A combinação de barreiras regulatórias mais baixas e novas tecnologias trouxeram também algumas grandes varejistas para essa arena. Apesar de algumas já terem atuação no mundo financeiro de forma analógica (seja através de uma financeira própria ou em parceria com alguma instituição), essas empresas têm agora alavancado suas iniciativas nesse terreno através de uma abordagem digital. Um caso emblemático é a Via Varejo (dona das marcas Casas Bahia e Ponto Frio) que lançou no mercado o Banqi, seu “banco digital”. Aproveitando-se do fato de ser um dos maiores vendedores de smartphones do país, ter um bom diálogo e a confiança da base da pirâmide e possuir mais de 1000 lojas pelo país, a Via Varejo tem uma oportunidade única de fortalecer sua abordagem O2O (online to offline) e ampliar ainda mais sua atuação financeira, começando pela digitalização do seu famoso crediário (que agora está embarcado no Banqi). Outras empresas com grande base de usuários como a Cosan, Riachuelo e O Boticário também estão desenvolvendo estratégias similares.

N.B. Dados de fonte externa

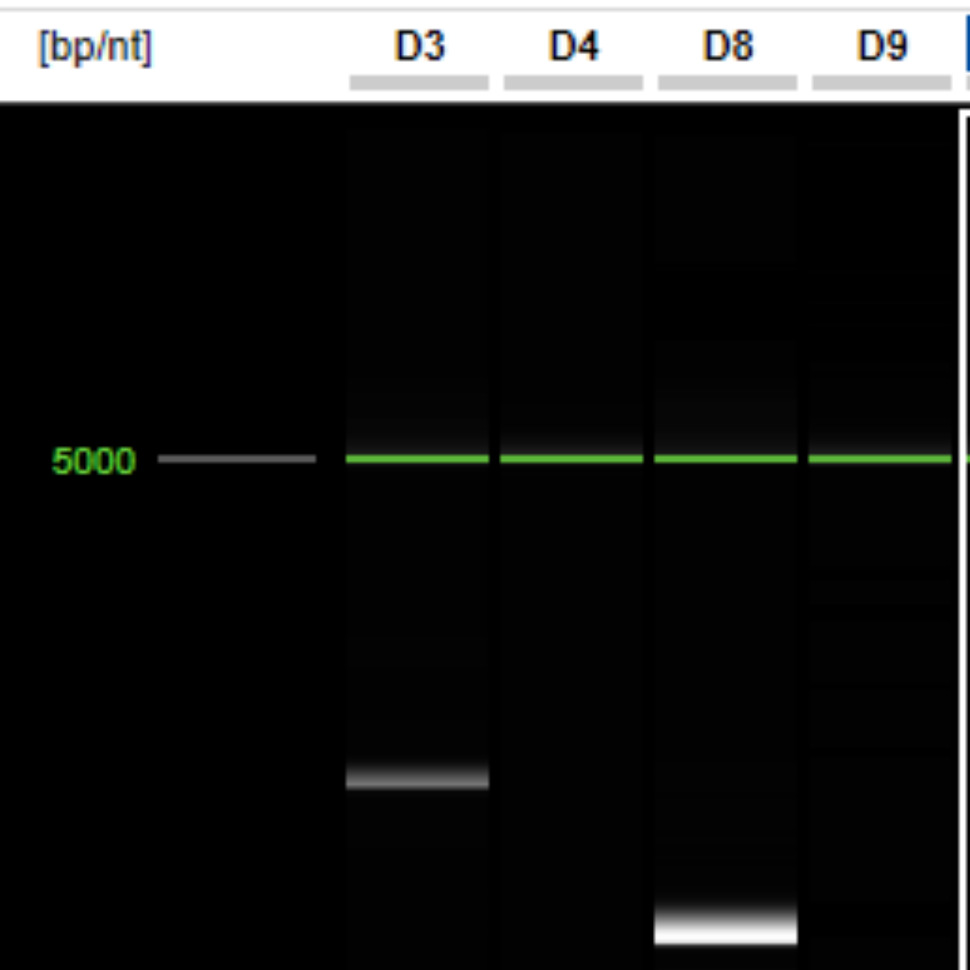 Severe acute respiratory syndrome coronavirus 2 (SARS-CoV-2) RdRp nested RT-PCR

As operadoras de telecomunicações, por sua vez, têm trabalhado nesse nicho com sucesso em algumas partes do mundo. O melhor exemplo que temos é o da solução M-Pesa, que foi desenvolvida pela operadora Safaricom do Kênia, e criou uma forma de transferir dinheiro através de modelos mais básicos de telefone celular (tendo alguns pontos físicos autorizados como forma de realizar a entrada e saída de dinheiro em espécie). No Brasil tivemos o caso da Zuum, fruto de uma parceria entre Vivo e Mastercard, que se tratava basicamente de uma conta pré-paga que poderia ser movimentada tanto via cartão quanto pelo celular, produto que acabou sendo descontinuado no final de 2018. Em novembro de 2019 presenciamos a investida de outra operadora, desta vez a Claro, através da oferta de crédito pessoal para clientes pré-aprovados dos planos pós-pago e controle. Movimentos como esse mostram que há uma grande oportunidade a ser aproveitada por esses players do setor de telecomunicações que, além de terem muita informação sobre seus clientes, são provedores da infraestrutura que permite o acesso do celular desses clientes à internet.

Movimentos regulatórios e de infraestrutura previstos para 2020 (tais como as regras para open banking e os pagamentos instantâneos) deverão juntar-se às iniciativas atuais e acelerar a entrada de novos competidores, mudando a cara do mercado financeiro atual. É bastante provável que teremos um ambiente ainda mais competitivo, com alternativas que se espalham pelos mais diferentes segmentos (desde a base da pirâmide até nichos específicos), trazendo mais alternativas para os consumidores à custos menores. Uma verdadeira transformação está em curso, formando um novo cenário. E não só as fintechs e os bancos farão parte dele.